Security and Exchange Commission of Pakistan (SECP) has reviewed the Companies Issue of Capital Rules, 1996 (CI Rules) and approved various amendments for efficient raising of funds against issue of shares.
According to SECP here on Thursday, the key amendments to the revised draft CI Rules include introduction of one “uniform criterion” for loan-based projects and equity-based projects and removal of restriction on the sponsors of companies to retain at least 25% of the capital at all times.
After the amendment, sponsors will be required to retain at least 25% of the capital for a period of just three financial years.
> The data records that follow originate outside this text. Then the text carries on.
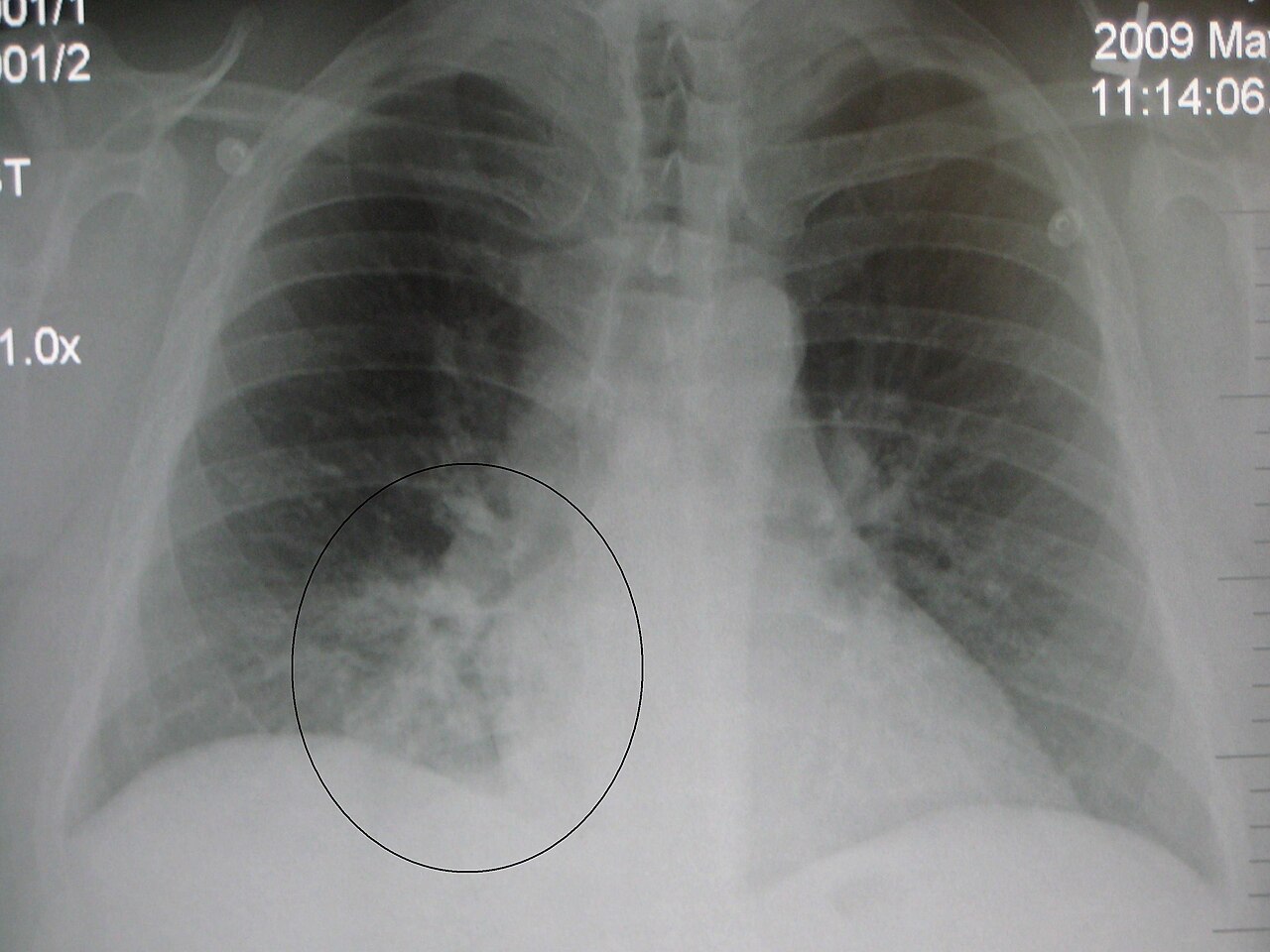 Frontal chest X-ray with a circled right lower lobe airspace opacity consistent with pneumonia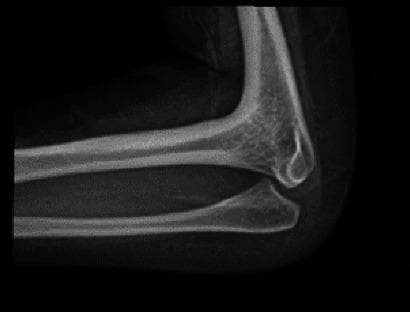 This diagnostic X-ray (radiography) captures a lateral view of a human elbow joint, illustrating a congenital or acquired radiohumeral synostosis. The image demonstrates a clear bony fusion between the distal humerus and the proximal head of the radius. Specifically, there is a total lack of a visible joint space at the radiohumeral articulation, with continuous cortical and trabecular bone spanning the two structures. In contrast, the ulnohumeral articulation appears relatively spared, with a discernible joint space maintained between the trochlea of the humerus and the trochlear notch of the ulna. The olecranon process of the ulna is visible posteriorly. This radiographic finding is clinically significant as a manifestation of rare skeletal dysplasias or as a solitary orthopedic anomaly, leading to a complete loss of pronation and supination at the forearm. The image serves as a textbook example for orthopedic and radiological training in identifying joint fusion and anomalous skeletal developments.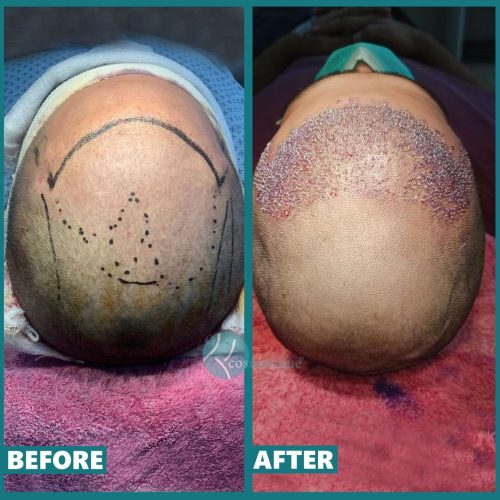 Hair Transplant Surgery in Lahore beforea nd after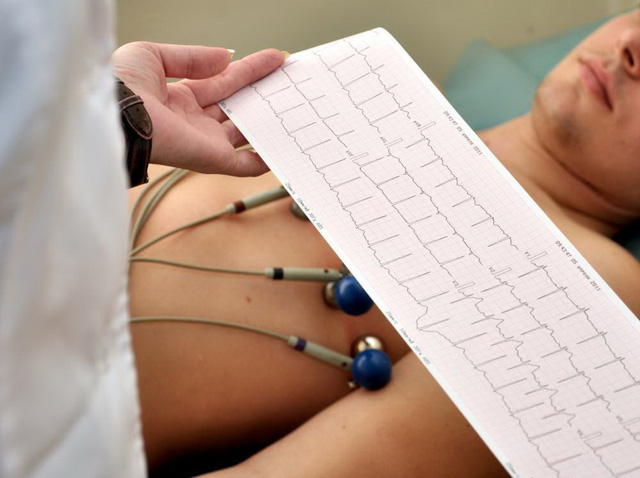 Điện tâm đồ (ECG) - Ảnh 1.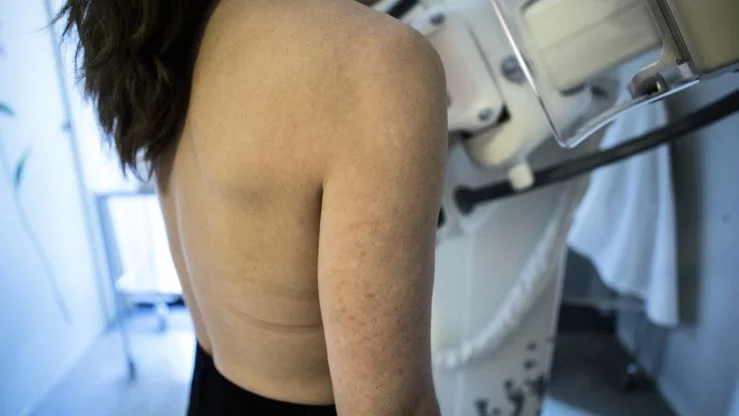 På grund av coronapandemin har antalet kvinnor som vänder sig till sjukvården med misstänkt brötscancer minskat.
Similarly, the requirement of project appraisal from a financial institution has been removed and verification of the installation and shipment of the last consignment of the plant and machinery is also no more required to be verified by the stock exchange.
The issuing company shall obtain a report verifying the implementation status of the project from a valuer. In addition, exemption from certain requirements for charging premium in case the issue/offer of shares is made through book building process.
The draft amended CI Rules require underwriting of all new issues of capital and approval of the SECP for issue of shares against intangible assets. The main objective of the amendments to the CI Rules is to streamline the process of capital issue. The proposed amendments will also streamline the book building process of companies for issue of shares.
Published in The Express Tribune, July 22nd, 2011.